Caso o governo pudesse fazer o que está pedindo ao TCU, poderia ter gasto cerca de R$ 17 bilhões a mais desde 2014, segundo estimativa do GLOBO. É a diferença entre o orçamento de emendas individuais e de bancada e, no final do ano, o que o governo conseguiu empenhar.
Não só a área técnica do TCU se manifestou contra a possibilidade aventada pelo Ministério da Agricultura. A Secretaria do Tesouro Nacional (STN), a Procuradoria-Geral da Fazenda Nacional (PGFN), a Advocacia-Geral da União (AGU), a Secretaria de Orçamento Federal (SOF) todos disseram, no processo, que empenhos só podem ocorrer após a assinatura do contrato ou do convênio, segundo a lei.

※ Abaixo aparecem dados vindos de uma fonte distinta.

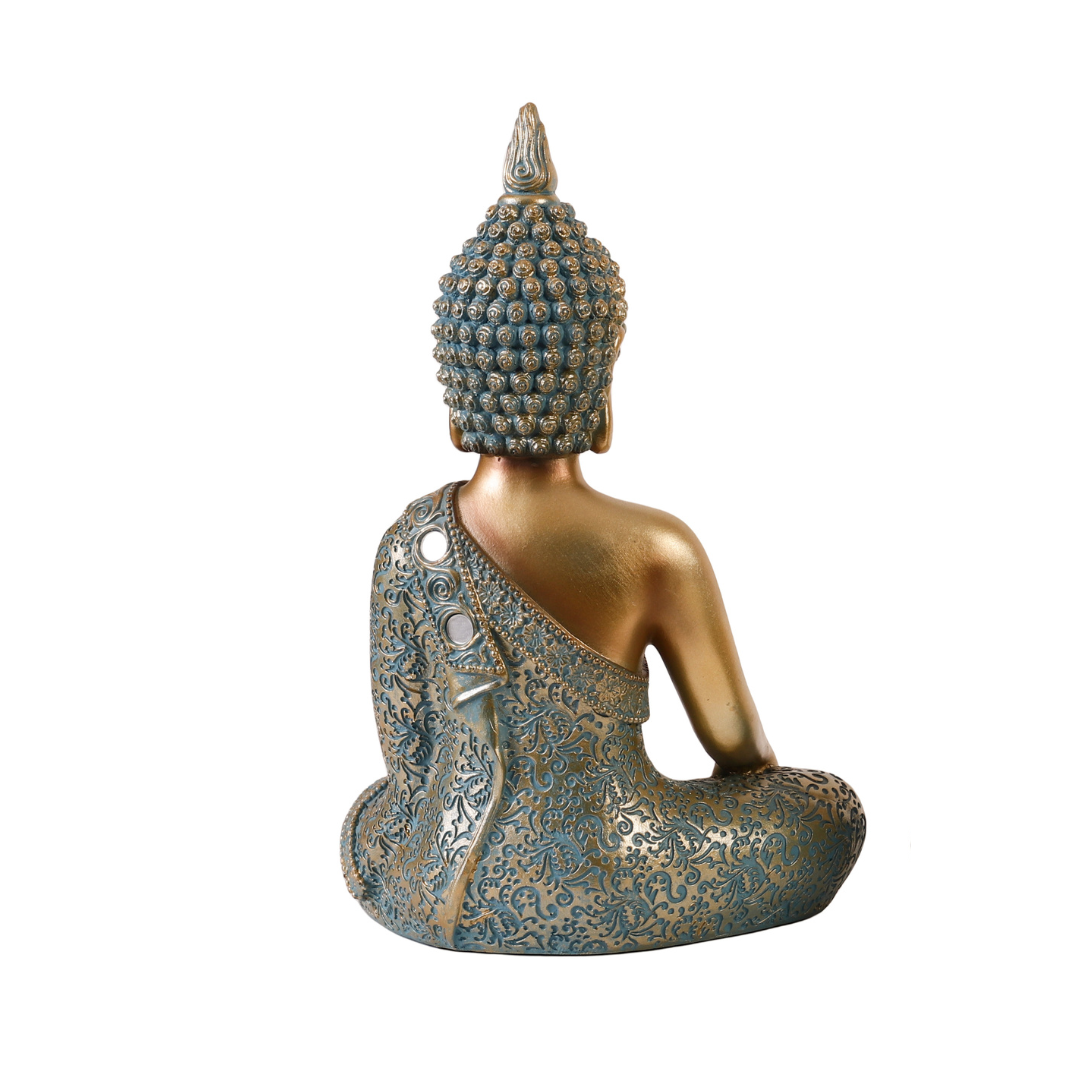 Turquoise Seated Buddha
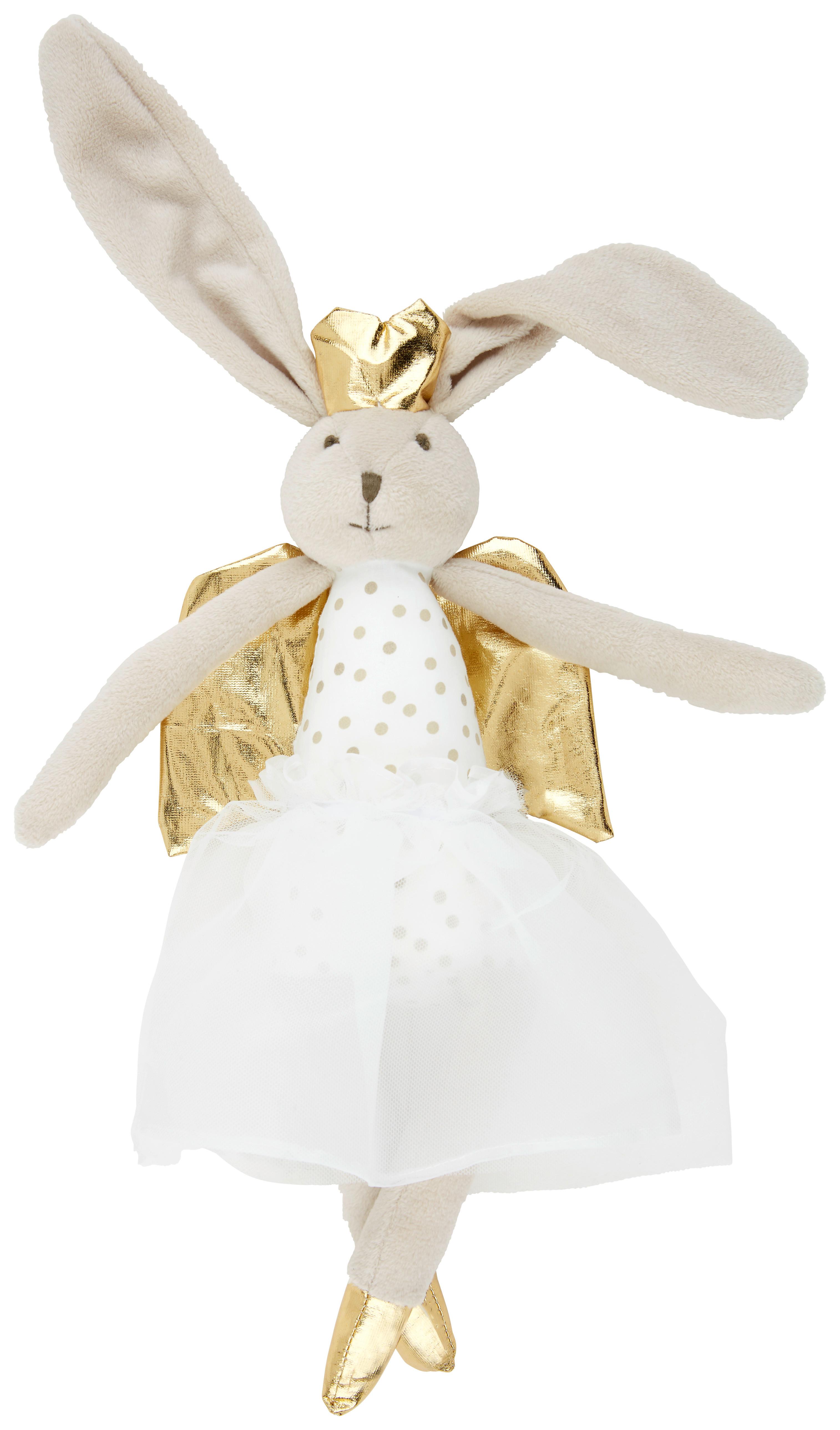Zvířátko Plyšové Angelina 36 Cm - bílá, textil (36cm) - Modern Living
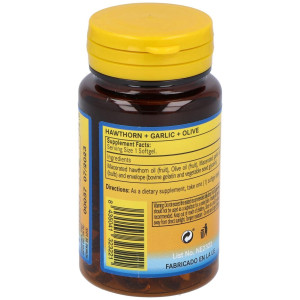 Nature Essential Espino Blanco+Ajo+Olivo 500Mg 50 Perlas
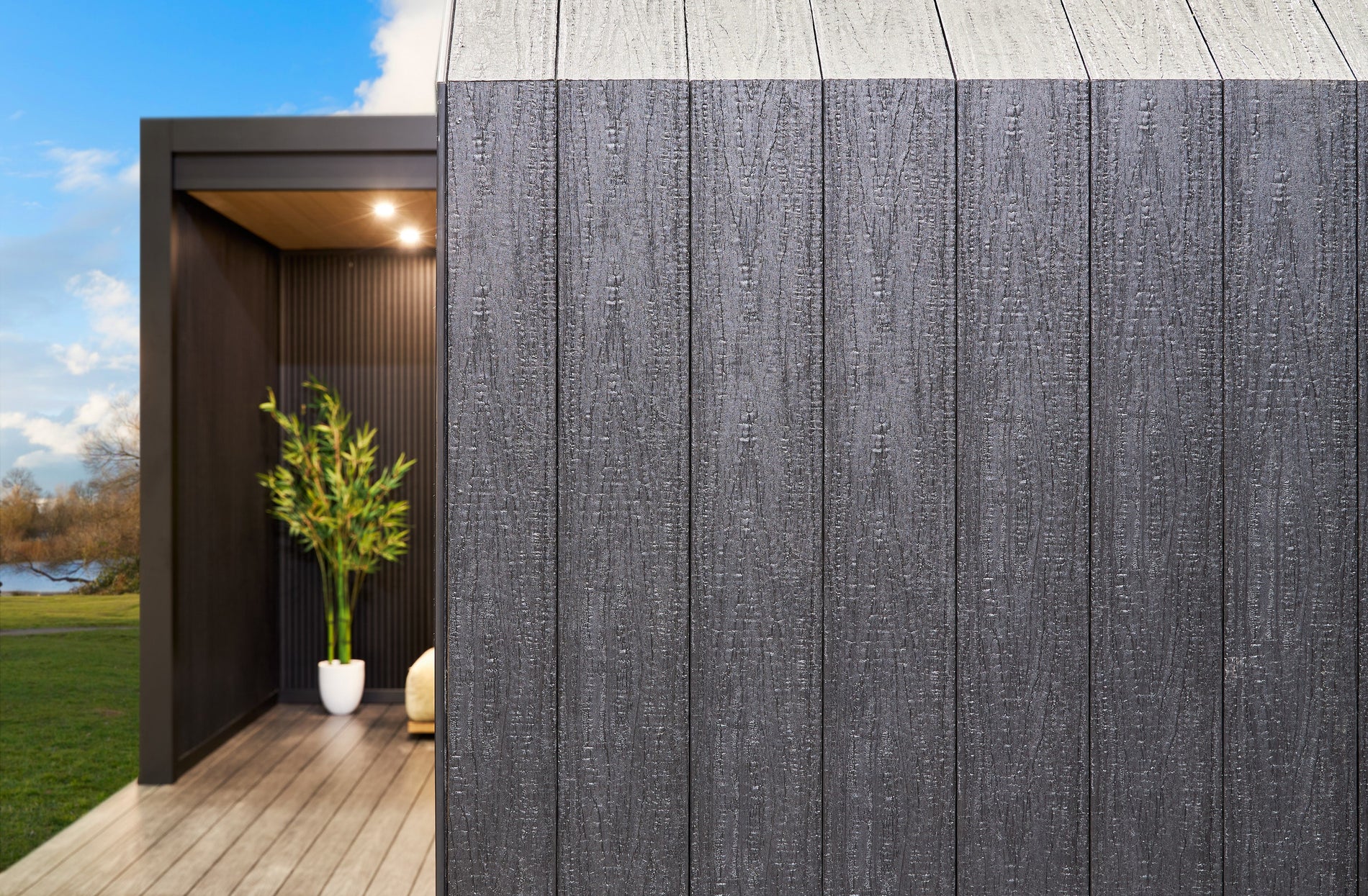 NewTechWood Shou Sugi Ban Cladding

O "aproveitamento" total das emendas é uma demanda do Congresso. Vice-presidente da Frente Parlamentar de Agropecuária (FPA), o deputado Neri Geller (PP-MT) disse que seria importante permitir que os recursos sejam aproveitados nos anos seguintes porque, com a "burocracia" exigida, muitos empenhos são cancelados.
“Sem nenhuma discussão política, eu sou totalmente a favor. Muitas vezes acontece de o governo federal empenhar e de ter algum problema com uma certidão, ou na demora para fazer um convênio, e o recurso é cancelado”, diz o deputado.
Em parecer, técnicos do TCU citam o caso de uma obra da Universidade Federal Rural de Pernambuco (UFRPE), julgado pelo TCU em 2019. A universidade queria usar "restos a pagar" para fazer uma nova licitação no ano seguinte para completar a reforma. A Corte decidiu que isso não seria possível, por violar a anualidade do Orçamento.
No final do ano, há uma sobra nesses valores. O governo não consegue empenhar todo o Orçamento previsto justamente porque deve haver uma licitação ou um convênio (com uma prefeitura ou estado) antes de os pagamentos serem autorizados.